| About this task |
Print the data exactly. Omit the pictures.

----------------

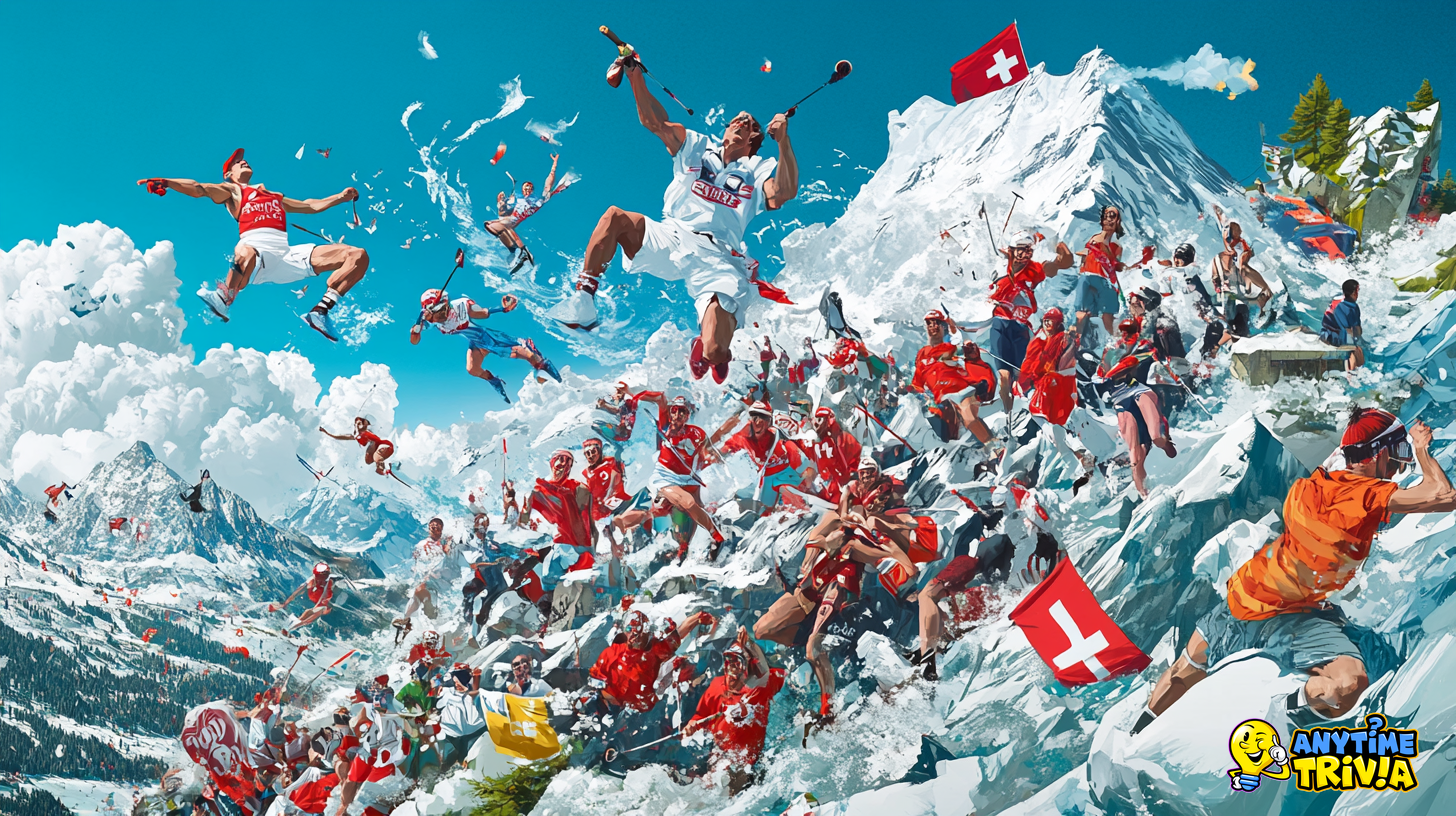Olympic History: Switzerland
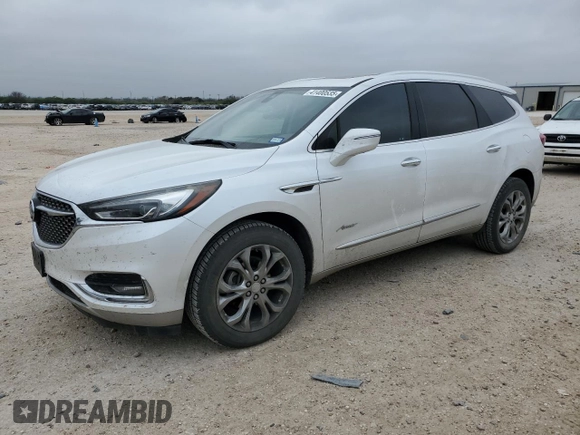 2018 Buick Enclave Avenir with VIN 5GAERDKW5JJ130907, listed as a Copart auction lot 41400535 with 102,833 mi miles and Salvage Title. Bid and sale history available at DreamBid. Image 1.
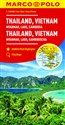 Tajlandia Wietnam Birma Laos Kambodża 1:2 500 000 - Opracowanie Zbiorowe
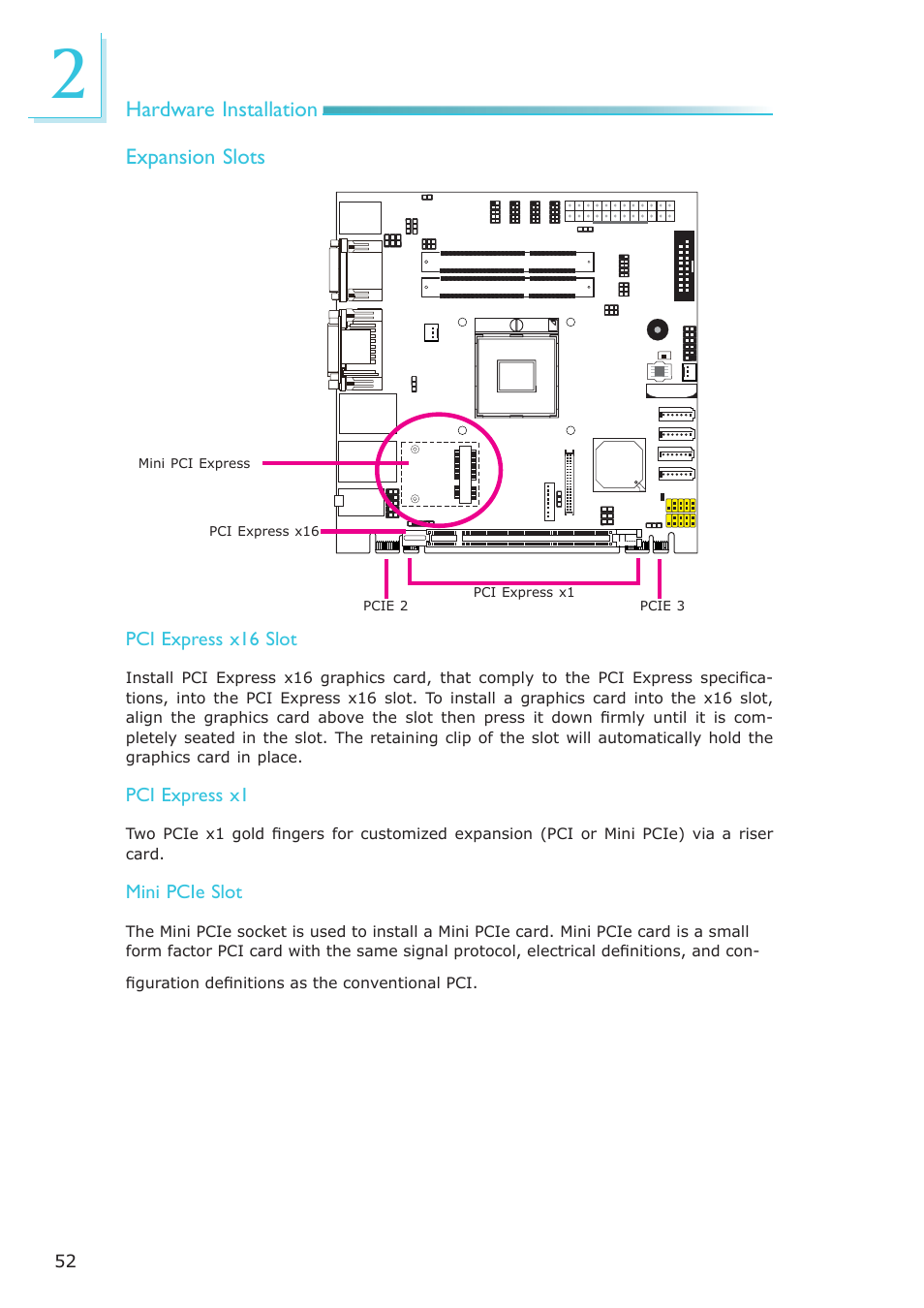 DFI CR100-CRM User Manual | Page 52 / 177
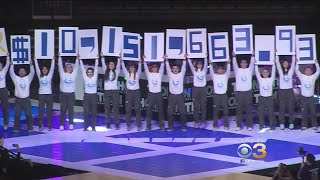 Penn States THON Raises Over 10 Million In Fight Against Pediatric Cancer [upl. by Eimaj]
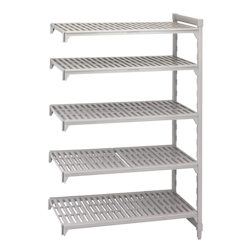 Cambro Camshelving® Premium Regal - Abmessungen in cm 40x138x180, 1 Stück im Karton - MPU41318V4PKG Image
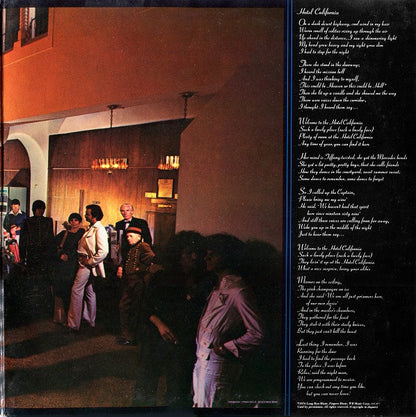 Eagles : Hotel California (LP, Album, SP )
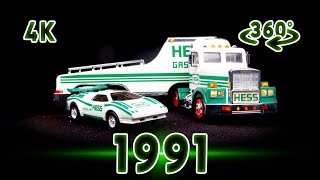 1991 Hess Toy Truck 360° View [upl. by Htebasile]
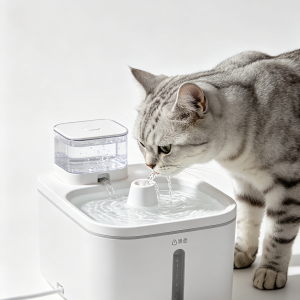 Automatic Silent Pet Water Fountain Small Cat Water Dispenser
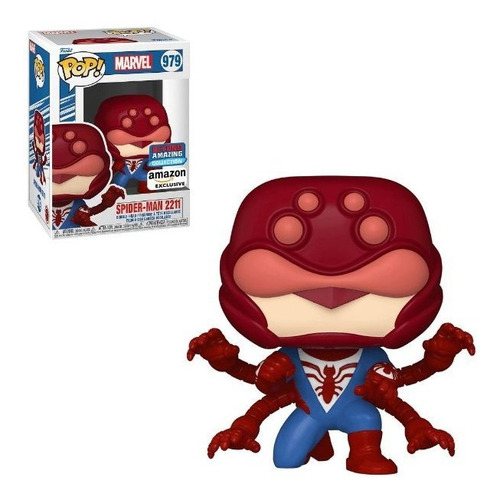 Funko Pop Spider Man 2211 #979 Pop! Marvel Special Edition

----------------

| Task solution |
Olympic History: Switzerland
 2018 Buick Enclave Avenir with VIN 5GAERDKW5JJ130907, listed as a Copart auction lot 41400535 with 102,833 mi miles and Salvage Title. Bid and sale history available at DreamBid. Image 1.
 Tajlandia Wietnam Birma Laos Kambodża 1:2 500 000 - Opracowanie Zbiorowe
 DFI CR100-CRM User Manual | Page 52 / 177
 Penn States THON Raises Over 10 Million In Fight Against Pediatric Cancer [upl. by Eimaj]
 Cambro Camshelving® Premium Regal - Abmessungen in cm 40x138x180, 1 Stück im Karton - MPU41318V4PKG Image
 Eagles : Hotel California (LP, Album, SP )
 1991 Hess Toy Truck 360° View [upl. by Htebasile]
 Automatic Silent Pet Water Fountain Small Cat Water Dispenser
 Funko Pop Spider Man 2211 #979 Pop! Marvel Special Edition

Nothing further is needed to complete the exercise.